Available data:
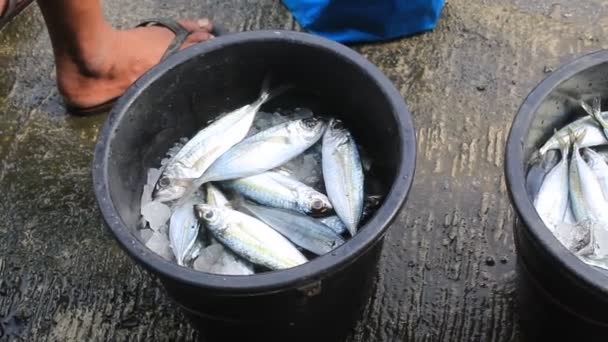 Ψάρι Προμηθευτής Man Πωλητής Του Ότι Ψάρια Φέρνουν Στο Μπροστινό — Αρχείο Βίντεο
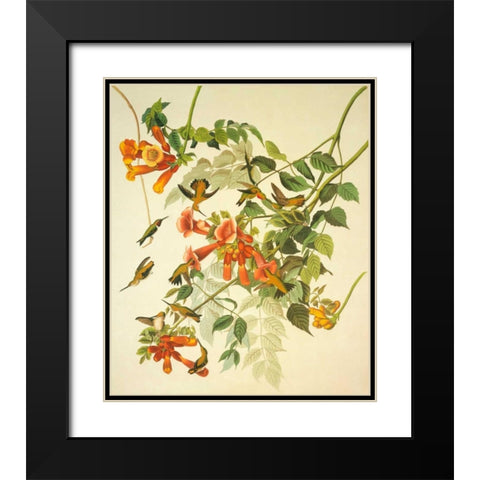 Ruby-Throated Hummingbird Black Modern Wood Framed Art Print with Double Matting by Audubon, John James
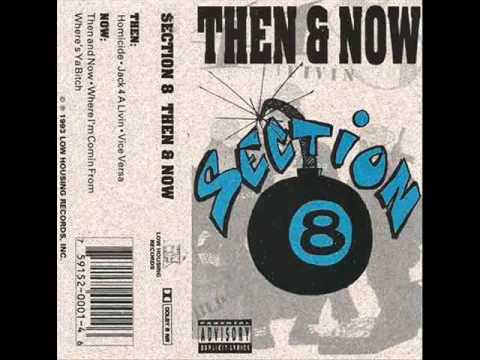Section-8 - Then And Now (1993)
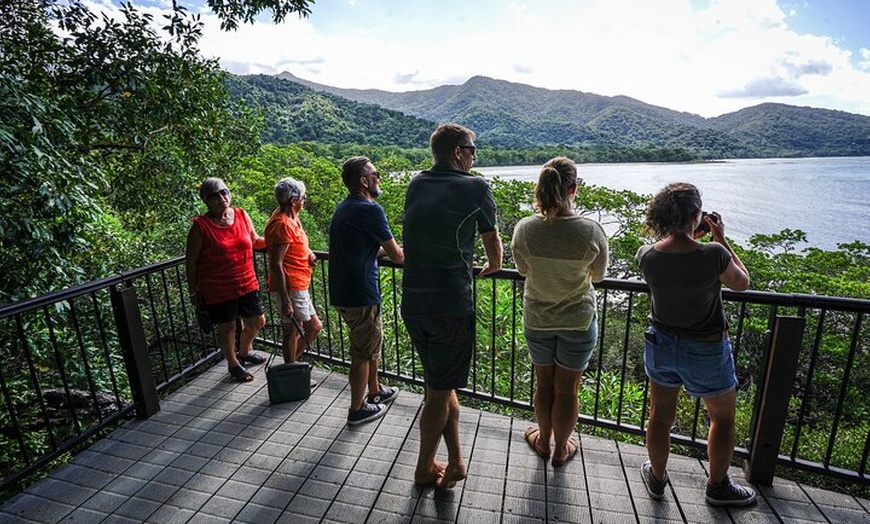 Image 15: Daintree, Cape Tribulation & River Cruise from Port Douglas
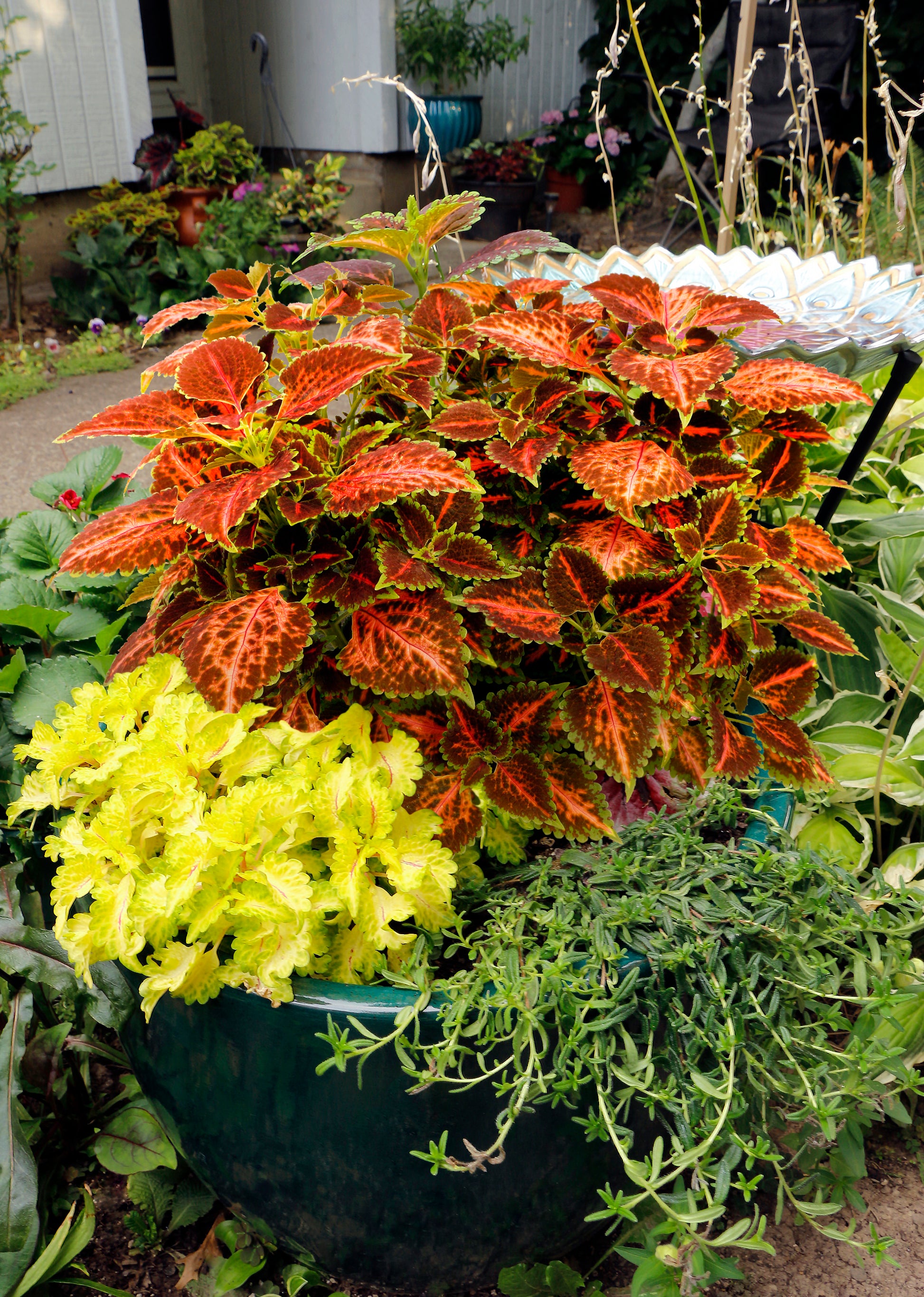Deep Orange Coleus Flower seeds for Planting Colorful Display Heirloom & GMO Free Seeds for Home Garden 
 
 Sale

Activity: Set every entry down again word for word, but not the pictures.

Response area:
 Ψάρι Προμηθευτής Man Πωλητής Του Ότι Ψάρια Φέρνουν Στο Μπροστινό — Αρχείο Βίντεο
 Ruby-Throated Hummingbird Black Modern Wood Framed Art Print with Double Matting by Audubon, John James
Section-8 - Then And Now (1993)
 Image 15: Daintree, Cape Tribulation & River Cruise from Port Douglas
Deep Orange Coleus Flower seeds for Planting Colorful Display Heirloom & GMO Free Seeds for Home Garden 
 
 Sale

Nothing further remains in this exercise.